Guilt of rest is all consuming. Cant take harsh words from you. This is your fault, not the system we live in. you say, as i run on a hamster wheel, in a cycle of meaningless work and meaningful tears. Endless. I cant take breaks. The world is quite literally on fire. How is this any reprieve? I turn a blind eye and become ignorant for a time, though as it turns out i am always ignorant because at least im not the one being bombed or tortured or killed. Be grateful. 
the breaks i take are too long, when i do rest. The world keeps fucking turning. Wake up in a body that aches and a brain that is too loud. Wake in a room that feels like being cooked in an oven even through air conditioning, but its still better than outside. Wake up in a world where this is just another day. Its so hard just to keep on living. You want me to do more? Its a miracle im still alive. 

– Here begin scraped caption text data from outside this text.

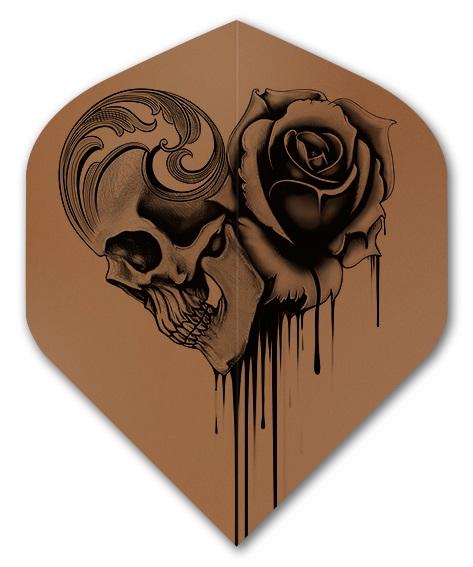 ALCHEMY Amour Noir 100 Micron Dart Flights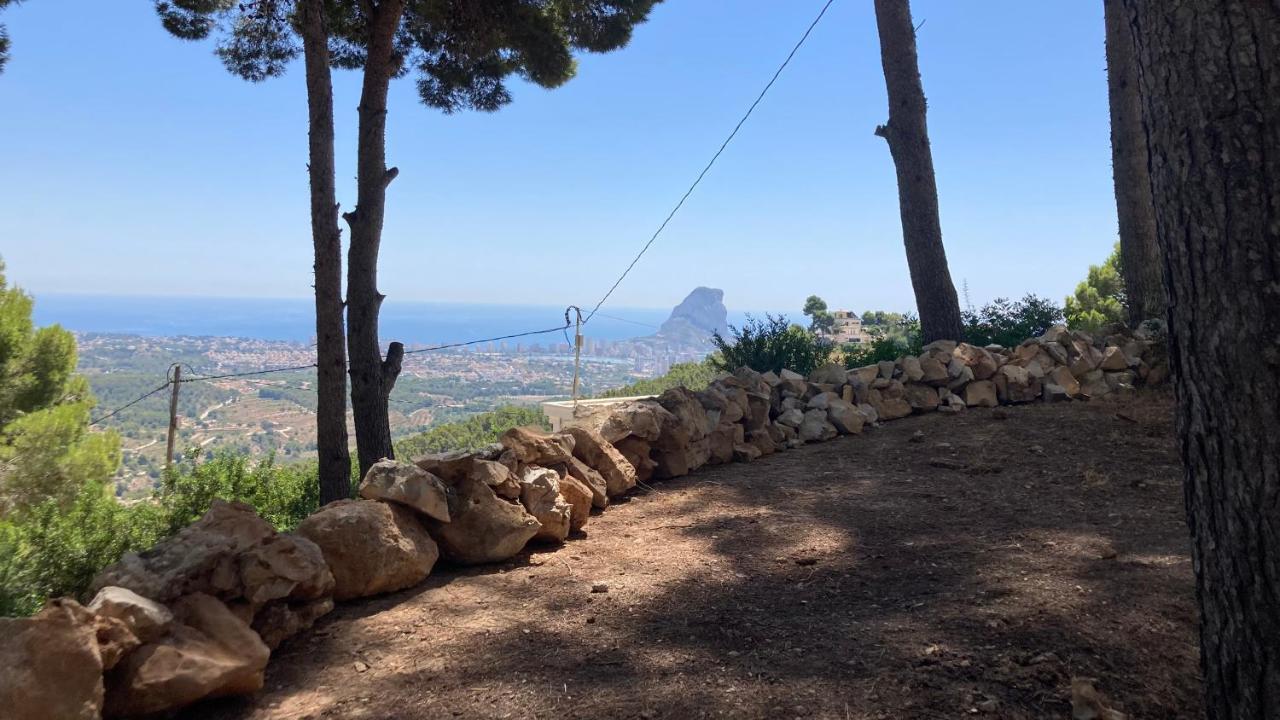 Finca Tylia, Olta, Calpe Benissa Extérieur photo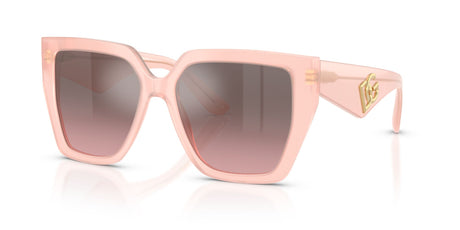 Dolce & Gabbana 0DG4438 33847E 55 Opal Pink/ Pink Mirror Silver Gradient
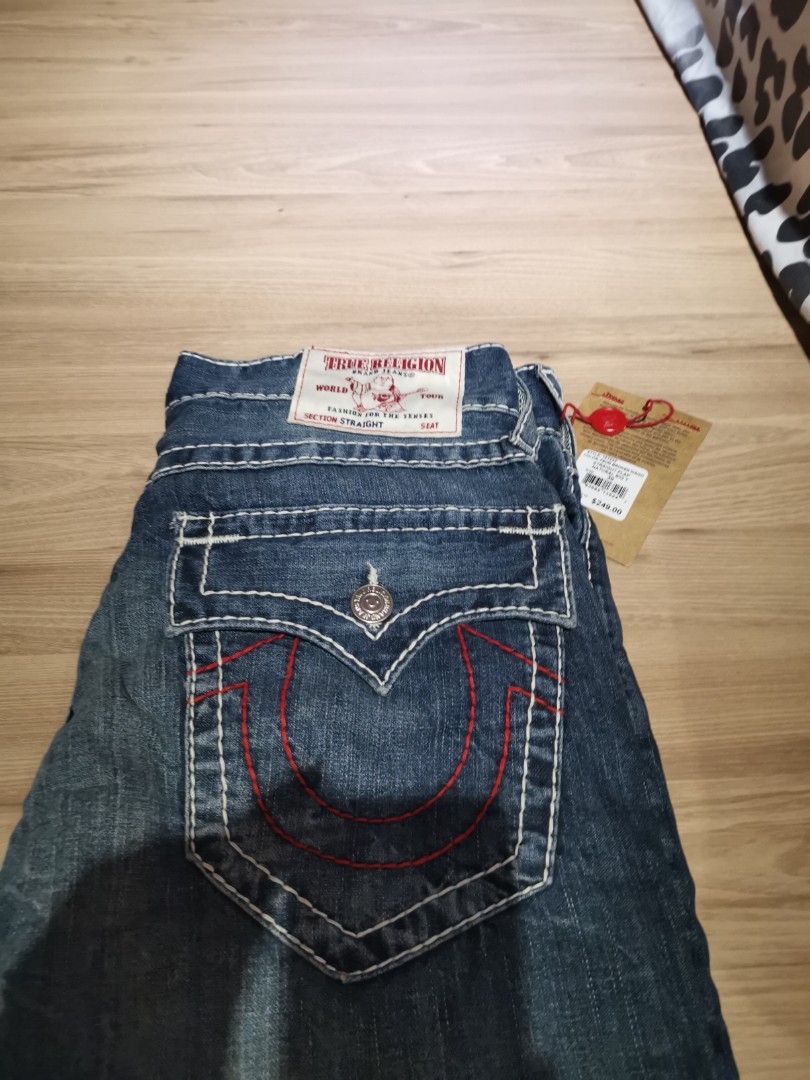 true religion jeans size 30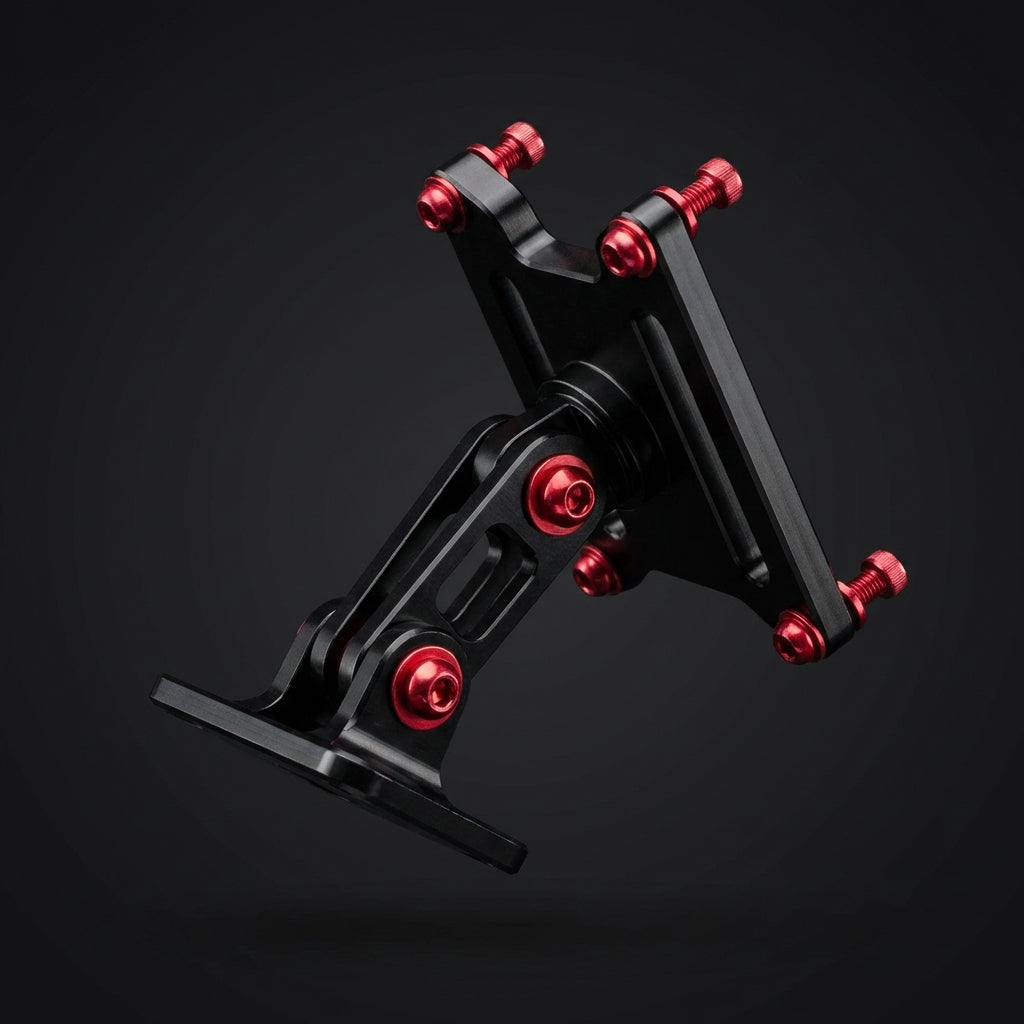 Diamooky metal phone mount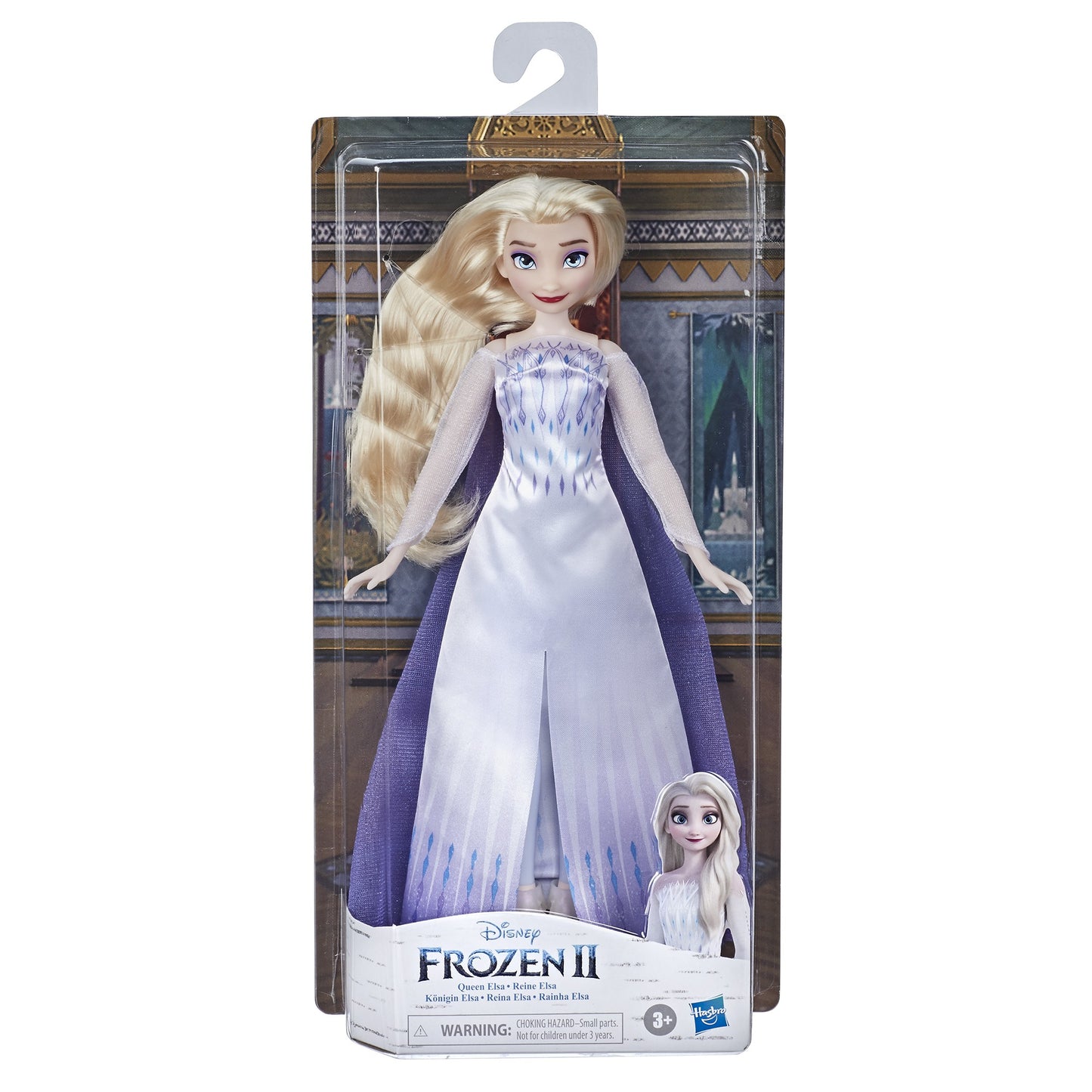 Papusa Disney Frozen II - Queen Elsa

Why cant we be content with that. Why do you expect great things from me now. I will be great in my own time. I have done great things. I have laughed, i have cried, i have immersed myself in the dark and cold,  i have made music from wood and steel, i have listened, i have spoken, and i will do so much more. It is not enough, though. It is not profitable. 
Your happiness is not profitable. Why buy when you have all you need? Your misery is profitable. The drive to have enough, to consume, to feel secure. I am neither. I am angry. I want to make them suffer and drag them down and make them feel all the confusion and pain and fear and anger of a queer neurodivergent hispanic honors student living in the world that they fucking built. And then. And then i want to tear it down.
The world will keep turning either way.